I INNOCENCE Fairy-Tale Princess 1919–1944
‘I get a frisson of joy to think that I am of this age, this Europe – saved or damned with it.’
Letter to Marjorie Boulton from Brussels,
6 November 1945
1 ‘You ask how Irish she is?’ 1616–1925
One day in 1888, on the North Island of New Zealand, a runaway horse with an alarmed and excited girl on its back galloped into Wills Hughes Murdoch’s view. He was twenty-seven years old,1 and had been quietly tending his sheep. He managed to race after the horse, to jump out and grab the reins, calm and finally stop it. The girl, Louisa Shaw, who was on her way to school, was that November to be his bride. She was only seventeen when they married.2
This mode of meeting and instantly falling in love sounds like something invented by his future granddaughter. Her novels test to the point of self-parody the literary convention of the coup de foudre, or love at first sight: the chance meeting between kindred souls that changes lives for ever. It was as much a family tradition. Wills and Louisa’s eldest child Hughes was to meet and fall for his nineteen-year-old future bride on a Dublin tram in 1918, towards the end of the First World War. And John Bayley was first to sight Wills’s granddaughter Iris bicycling past his Oxford college window in 1953. In three successive generations the girl at least is on the move, while the man – and twice also the girl – is love-struck, and nothing again is quite as it was.
The Murdochs are a staunchly Protestant Scots-Irish family who crossed the Irish Sea to Ulster from their native Galloway in Scotland in the seventeenth century. The name ‘Murdoch’ is essentially Scots Gaelic – from Mhuirchaidh, though an Irish Gaelic version, O’Muircheartaigh, meaning navigator, sometimes written Murtagh, is also common. They farmed modestly in County Down, where they prided themselves on having been for seven generations. In the 1880s Wills John Murdoch left the family farm for his spell in New Zealand, to learn about sheep-rearing, and probably also to make good on his own. It was a period of agricultural unrest and depression, and of Irish emigration generally.3 Family tradition suggests that Wills’s uncle had left for Indiana twenty-five years earlier, while his elder brother Richard was also in New Zealand, working as a teacher, and died there, unmarried, not long before the First World War.
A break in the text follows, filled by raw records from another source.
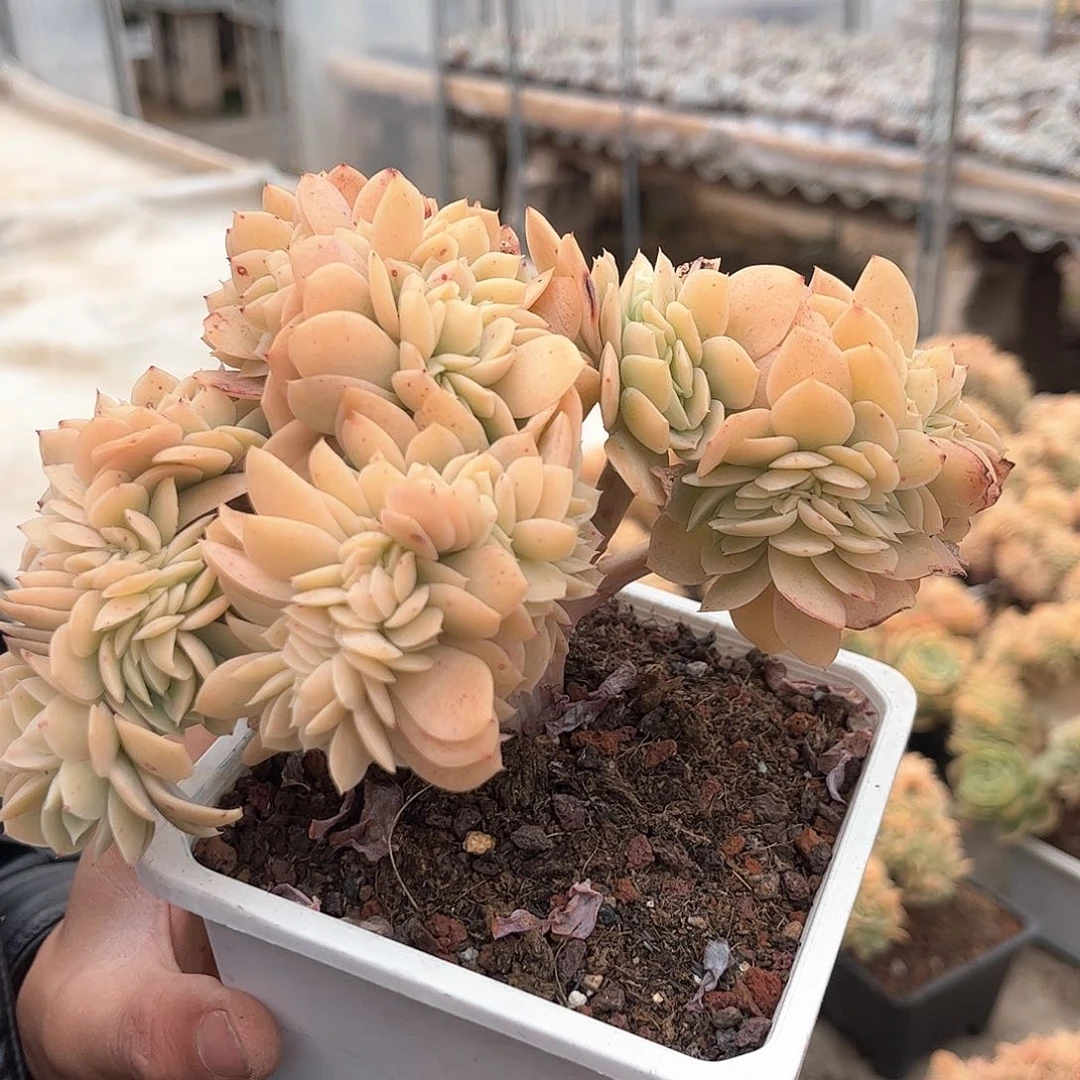 厚叶丝绸缀化0000000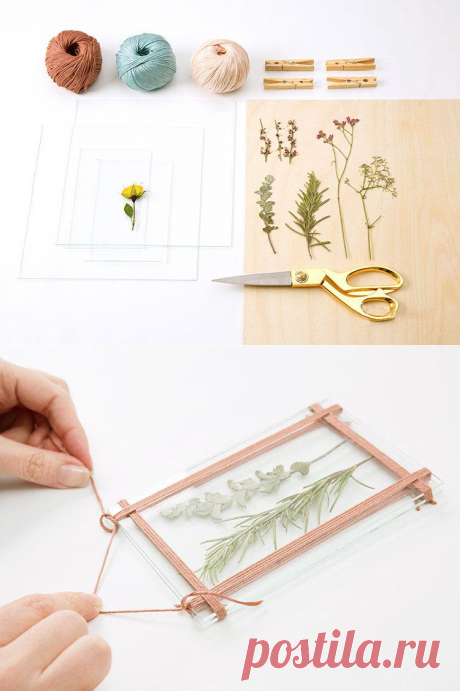 How to make a pressed flower frame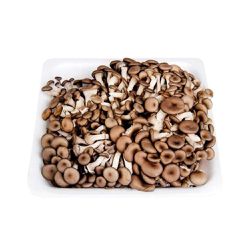 SHIMEJI PRETO (200 GR) - MURAKAMI DISTRIBUIDORA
Wills and Louisa’s first baby, Wills John Hughes Murdoch, was born in Thames, seventy miles south-east of Auckland, on 26 April 1890. When Hughes was a year and a half old, on 9 January 1892, Wills’s father died, and Wills came back to help run the family farm in County Down. Legend has it that on the journey home baby Hughes was nearly washed overboard in a storm, but was saved by a vigilant sailor.
2
The farm was Ballymullan House, Hillhall, in County Down, eight miles outside Belfast, and at that time ‘real country’. Even today it has not become suburban, but away from the old main road to Lisburn that cuts through it, it is a quiet country hamlet. Ballymullan House had been left by Wills’s greatgrandfather, another Richard, described in his will as ‘merchant and farmer’,4 to Wills’s father Richard (1824–92) and uncle William John (1825–1908). The five-bay, two-storeyed, shallow-roofed eighteenth-century house – ‘Georgian’ suggests something too English, insufficiently atmospheric and provincial – has dressed-stone corners, some old panelled windows, a large kitchen with a small-windowed ‘gam’ wall, a grey marble fireplace in the drawing-room, two fine old oak-panelled doors, an orchard and an old yard with a pump that produced ‘the most beautiful well water’.5 There were at least sixty acres of mixed farmland.
Louisa, whom Iris knew well – she died aged seventy-five, living at 8 Adelaide Avenue in Belfast, in 19476 – is remembered by her grandchildren as a cheerful, always youthful person. She was happy and had the gift of making others so. At twenty-one she had to leave her entire family and known world, to sail across the seas to a wholly strange place, and to live in a house with unknown in-laws. She was to share – contentedly – Ballymullan with her mother-in-law and three sisters-in-law – Margaret, Sarah and Annie.7 There is an echo of her journey in Chloe, also a New Zealander, ‘the girl from far-away’ in The Good Apprentice.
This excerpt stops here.